Task brief
Copy out the listing that follows exactly, dropping every picture.

Given information
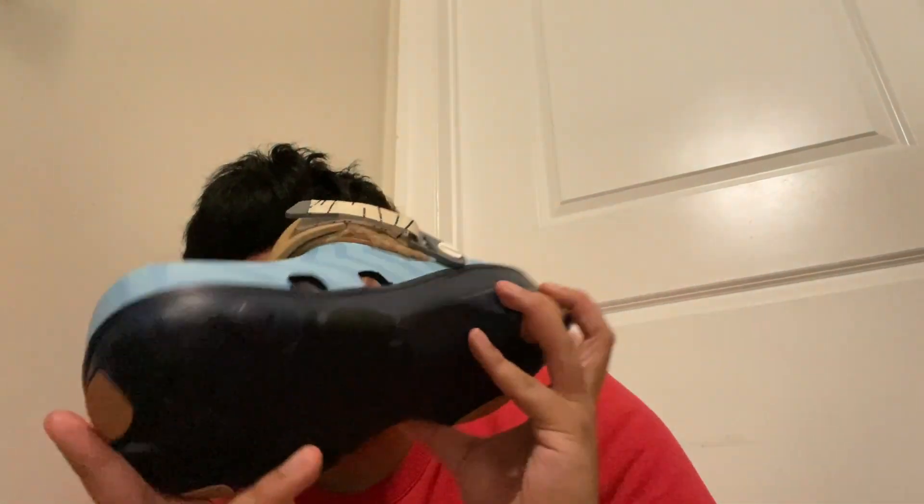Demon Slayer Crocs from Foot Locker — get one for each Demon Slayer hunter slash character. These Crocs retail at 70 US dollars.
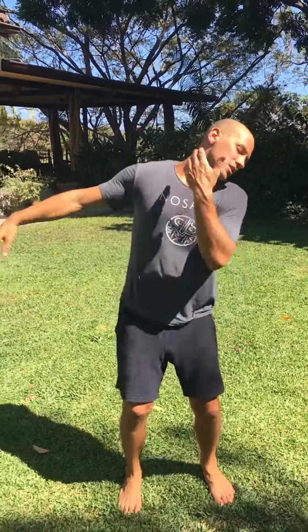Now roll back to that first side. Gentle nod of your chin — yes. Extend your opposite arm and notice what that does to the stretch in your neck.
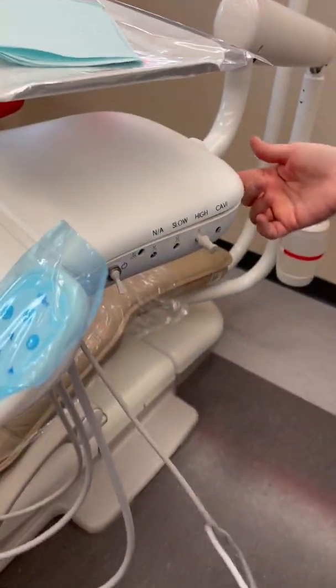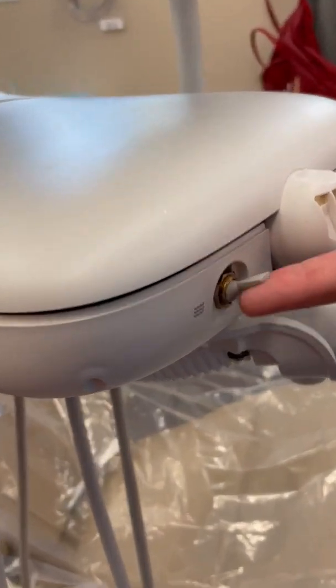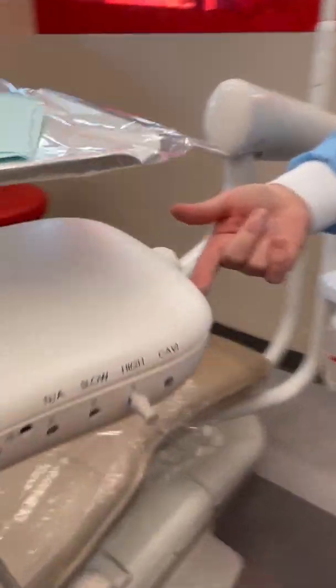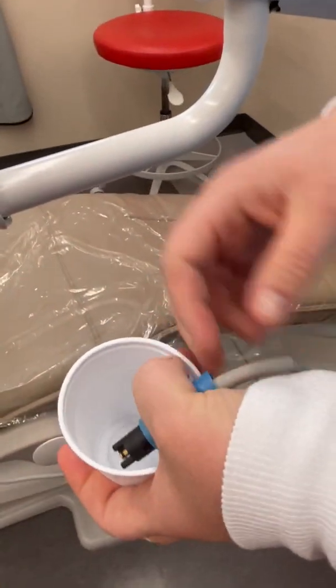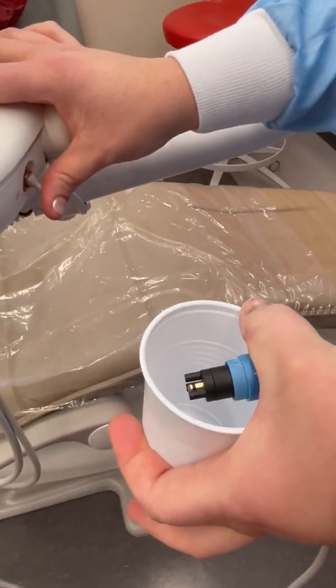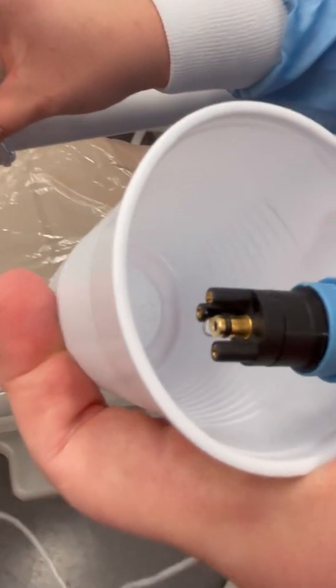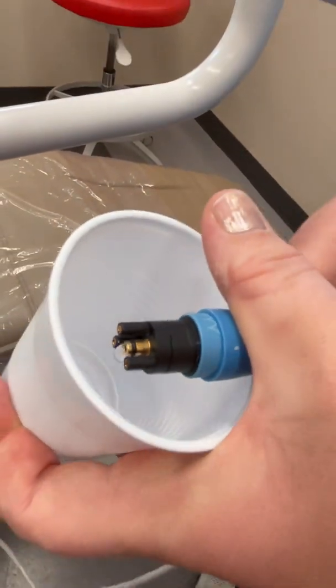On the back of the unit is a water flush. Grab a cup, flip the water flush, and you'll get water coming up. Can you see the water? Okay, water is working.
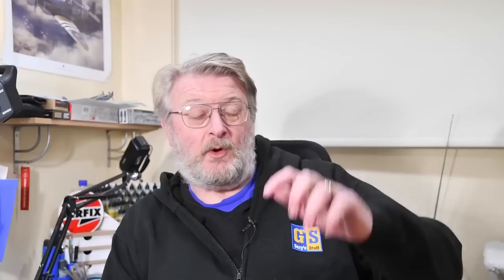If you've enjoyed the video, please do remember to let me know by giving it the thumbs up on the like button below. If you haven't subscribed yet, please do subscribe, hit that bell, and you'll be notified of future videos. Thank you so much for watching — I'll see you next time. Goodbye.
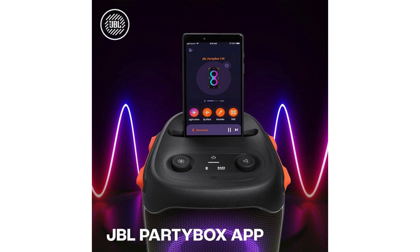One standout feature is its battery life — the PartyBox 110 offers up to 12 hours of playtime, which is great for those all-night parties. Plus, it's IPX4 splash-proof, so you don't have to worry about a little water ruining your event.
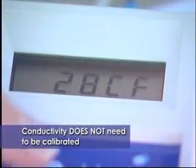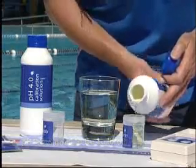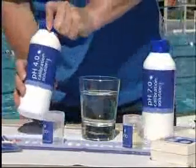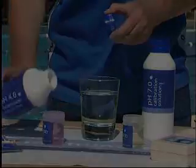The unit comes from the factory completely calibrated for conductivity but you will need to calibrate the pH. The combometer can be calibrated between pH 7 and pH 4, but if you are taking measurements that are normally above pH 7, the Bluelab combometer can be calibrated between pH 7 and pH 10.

Output
Demon Slayer Crocs from Foot Locker — get one for each Demon Slayer hunter slash character. These Crocs retail at 70 US dollars.
Now roll back to that first side. Gentle nod of your chin — yes. Extend your opposite arm and notice what that does to the stretch in your neck.
On the back of the unit is a water flush. Grab a cup, flip the water flush, and you'll get water coming up. Can you see the water? Okay, water is working.
If you've enjoyed the video, please do remember to let me know by giving it the thumbs up on the like button below. If you haven't subscribed yet, please do subscribe, hit that bell, and you'll be notified of future videos. Thank you so much for watching — I'll see you next time. Goodbye.
One standout feature is its battery life — the PartyBox 110 offers up to 12 hours of playtime, which is great for those all-night parties. Plus, it's IPX4 splash-proof, so you don't have to worry about a little water ruining your event.
The unit comes from the factory completely calibrated for conductivity but you will need to calibrate the pH. The combometer can be calibrated between pH 7 and pH 4, but if you are taking measurements that are normally above pH 7, the Bluelab combometer can be calibrated between pH 7 and pH 10.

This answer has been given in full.